WHEREAS, the Issuers and the Trustee have heretofore executed and delivered that certain Indenture dated as of March 31, 1998 (the "Primary Indenture") as supplemented on October 29, 1998, and the Issuers have issued their 12% Senior Secured Notes Due March 17, 2005 (which by the terms hereof will be re-designated as the 12% Senior Secured Notes Due March 17, 2005, Series 1998) (the "Securities") thereunder; and
WHEREAS, TWG International and the Trustee have executed that certain Indenture dated as of March 31, 1998 (the "Funding Note Indenture") as supplemented on October 29, 1998, and TWG International has issued its 12% Senior Secured Note Due March 17, 2005 (which by the terms of the Funding Note Indenture will be re-designated as the 12% Senior Secured Note Dues March 17, 2005, Series 1998 (the "Funding Note") thereunder to TWG Finance; and
WHEREAS, the Issuers and the Trustee have heretofore executed and delivered that certain First Supplemental Trust Indenture to the Indenture dated as of October 29, 1998; and
WHEREAS, the Primary Indenture provides in Section 8.2 thereof that the Issuers, when authorized by a resolution of their respective Boards of Directors, and the Trustee may, with the consent of the holders of not less than a majority in aggregate principal amount of the Securities at the time outstanding (the "Holders"), add any provisions to change in any manner or eliminate any of the provisions of the Primary Indenture or of any supplemental indenture or to modify in an manner the rights of the Holders of the Securities, except under certain circumstances not applicable herein; and
WHEREAS, the Issuers and the Trustee now desire to amend the Primary Indenture for the purpose of (i) permitting the authorization and issuance additional series of Securities pursuant to the terms of the Primary Indenture, and pursuant to such authority, permitting the authorization and issuance of $3,000,000 in principal amount of Securities and the amendment of the Funding Note (which additional Funding Note shall be pledged as collateral to secure repayment of the Securities), and (ii) making certain corrections to the Form of Security for the Securities heretofore issued and delivered; and
WHEREAS, the execution and delivery of this Supplemental Indenture has been duly and validly authorized in all respects by the respective Boards of Directors of the Issuers; and
WHEREAS, the Trustee is a party to this Supplemental Indenture in order to acknowledge its acceptance of the terms and provisions hereof and to evidence its consent to the amendments to the Primary Indenture made hereby; and
WHEREAS, the Holders are a party of this Supplemental Indenture in order to consent to the terms and conditions hereof pursuant to the requirement of Section 8.2 of the Primary Indenture;
NOW, THEREFORE, in consideration of the mutual understandings, promises and agreements herein contained and other good and valuable consideration, the sufficiency of which are hereby
1
acknowledged, the Issuer and the Trustee do covenant and agree hereby, for the equal and proportionate benefit of the respective Holders, from time to time, of the Notes, as follows:
Section 1.1. Supplemental Indenture.

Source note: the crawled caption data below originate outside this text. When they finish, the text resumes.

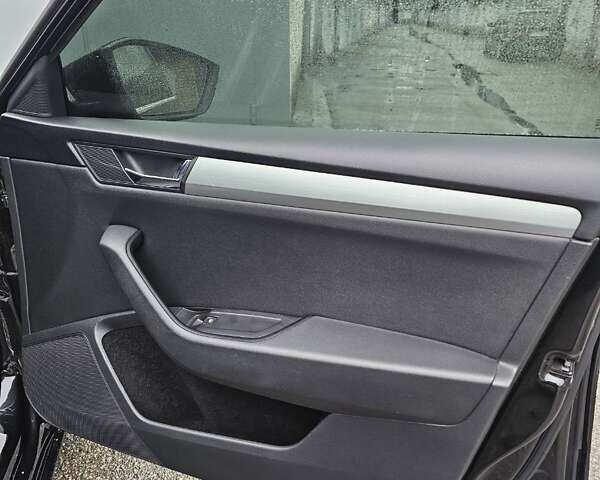 Черный Шкода Суперб, объемом двигателя 1.97 л и пробегом 200 тыс. км за 10900 $, фото 13 на Automoto.ua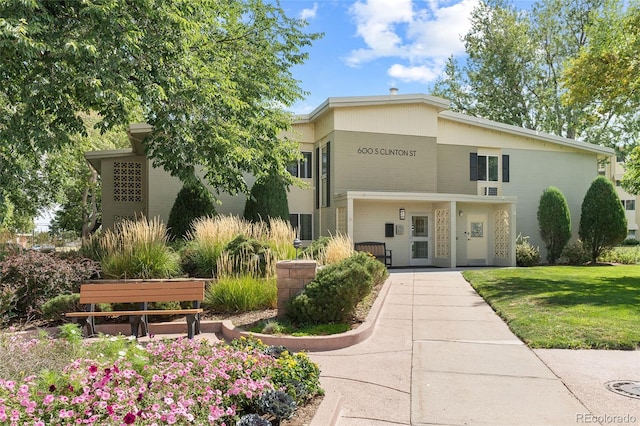 view of front of house with a front lawn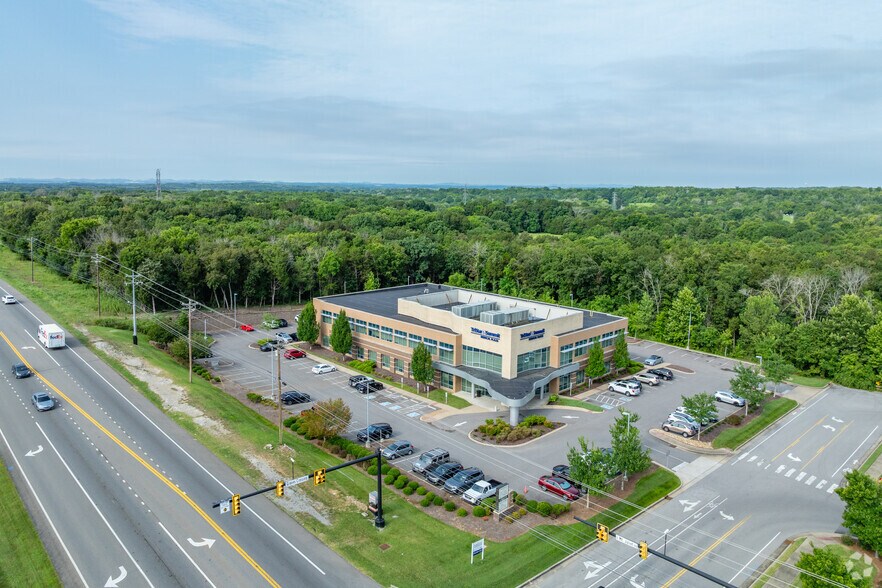 660 S Mount Juliet Rd, Mount Juliet, TN à louer - Photo du bâtiment - Image 2 de 5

This Supplemental Indenture is a Supplemental Indenture, and is adopted in accordance with Article 8 of the Primary Indenture.
Section 1.2. Definitions.
(A) Unless the context shall require otherwise, all defined terms contained in the Primary Indenture shall have the same respective meanings in this Supplemental Indenture as such defined terms are given in the Primary Indenture.
(B) As used in this Supplemental Indenture, except as otherwise expressly provided or unless the context shall require otherwise:
(1) This "Supplemental Indenture" means this instrument as originally executed or as it may, from time to time, be supplemented or amended by one or more supplemental indentures hereto entered into pursuant to the applicable provisions of the Primary Indenture.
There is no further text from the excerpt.